Ubuntu
corosync package

Memory Leak when new cluster configuration is formed.

Bug #1563089 reported by Jorge Niedbalski on 2016-03-28

This bug affects 1 person

	Status	Importance	Assigned to
corosync (Ubuntu)	Fix Released	High	Jorge Niedbalski
Trusty	Fix Released	High	Jorge Niedbalski
Wily	Won't Fix	High	Jorge Niedbalski

Bug Description

[Environment]

Trusty 14.04.3

Packages:

ii corosync 2.3.3-1ubuntu1 amd64 Standards-based cluster framework (daemon and modules)
ii libcorosync-common4 2.3.3-1ubuntu1 amd64 Standards-based cluster framework, common library

[Reproducer]

1) I deployed an HA environment using this bundle (http://bazaar.launchpad.net/~ost-maintainers/openstack-charm-testing/trunk/view/head:/bundles/dev/next-ha.yaml)
with a 3 nodes installation of cinder related to an HACluster subordinate unit.

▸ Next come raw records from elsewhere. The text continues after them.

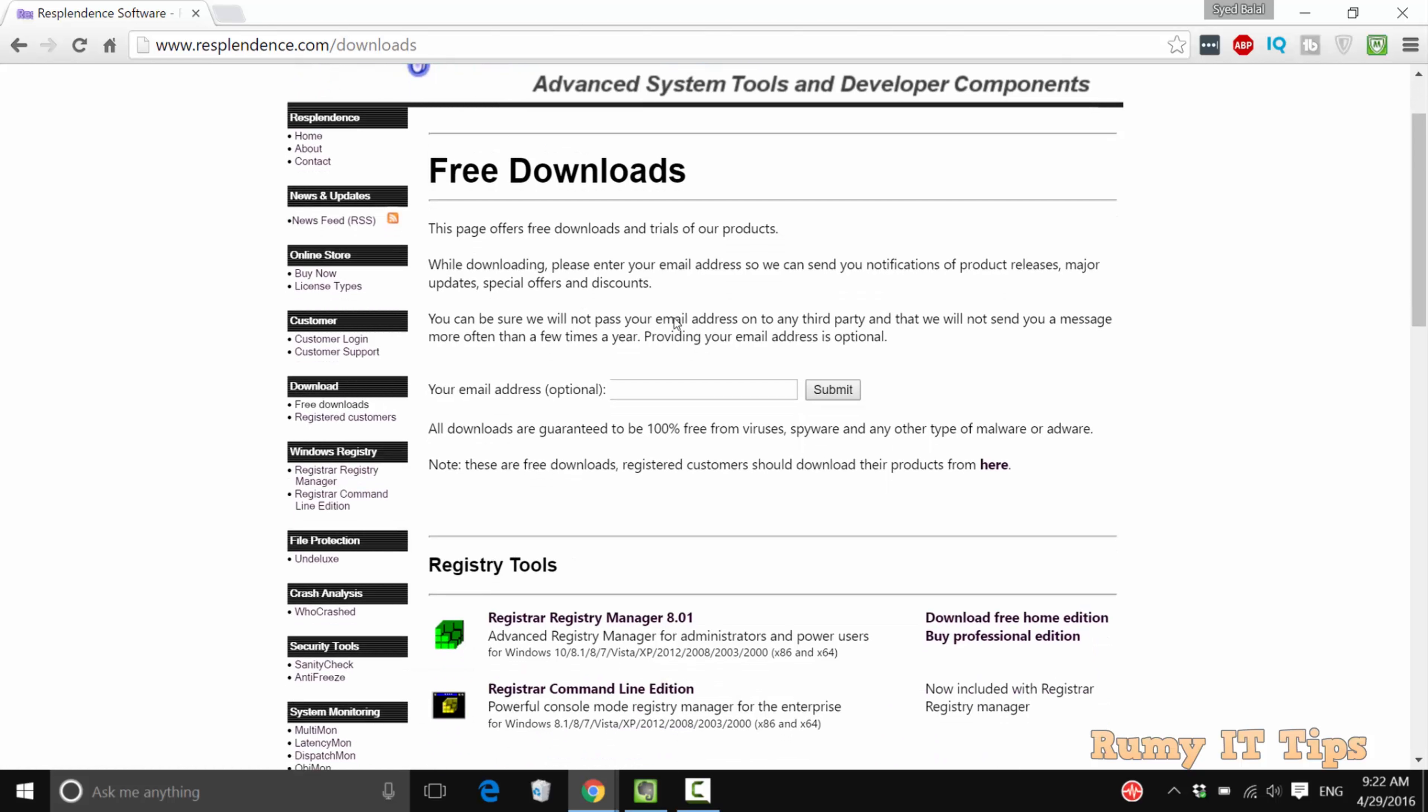You need to enter your email if you want to get notifications, otherwise just download. They also have another nice tool called WhoCrashed that you can check out, which shows why your PC is crashing.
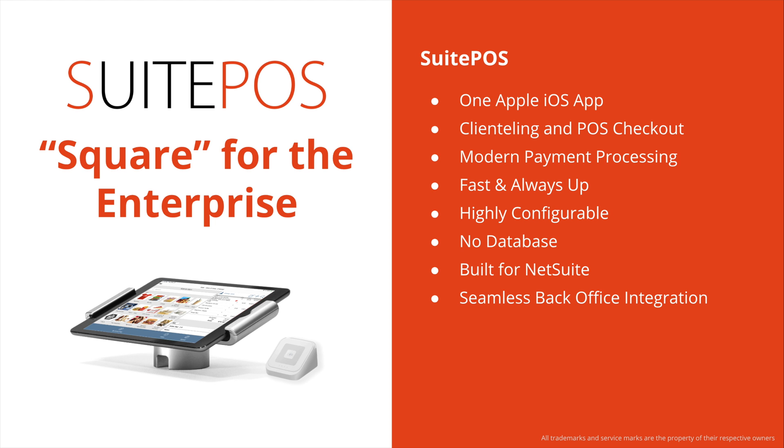SuitePOS is fast and always up for transactions, even if the internet is running slow or completely down. It's a highly configurable solution, so you can set it up differently for different retail environments, even within the same store.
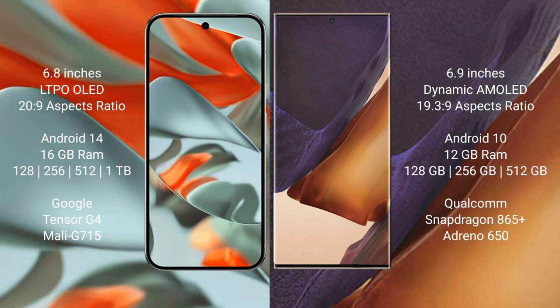Google Pixel 9 Pro XL runs on the Android 14 operating system. Samsung Galaxy Note 20 Ultra runs on the Android 10 operating system. Google Pixel 9 Pro XL comes with 16 GB RAM and 128 GB, 256 GB, 512 GB, 1 TB internal storage.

$ juju-deployer -c next-ha.yaml -w 600 trusty-kilo

2) I changed the default corosync transport mode to unicast.

$ juju set cinder-hacluster corosync_transport=udpu

3) I assured that the 3 units were quorated

cinder/0# corosync-quorumtool
Votequorum information
----------------------
Expected votes: 3
Highest expected: 3
Total votes: 3
Quorum: 2
Flags: Quorate

Membership information
----------------------
    Nodeid Votes Name
      1002 1 10.5.1.57 (local)
      1001 1 10.5.1.58
      1000 1 10.5.1.59

The primary unit was holding the VIP resource 10.5.105.1/16

root@juju-niedbalski-sec-machine-4:/home/ubuntu# ip addr
2: eth0: <BROADCAST,MULTICAST,UP,LOWER_UP> mtu 1500 qdisc netem state UP group default qlen 1000
    link/ether fa:16:3e:d2:19:6f brd ff:ff:ff:ff:ff:ff
    inet 10.5.1.57/16 brd 10.5.255.255 scope global eth0
       valid_lft forever preferred_lft forever
    inet 10.5.105.1/16 brd 10.5.255.255 scope global secondary eth0
       valid_lft forever preferred_lft forever

4) I manually added a TC queue for the eth0 interface on the node holding the VIP resource, introducing a 350 ms delay.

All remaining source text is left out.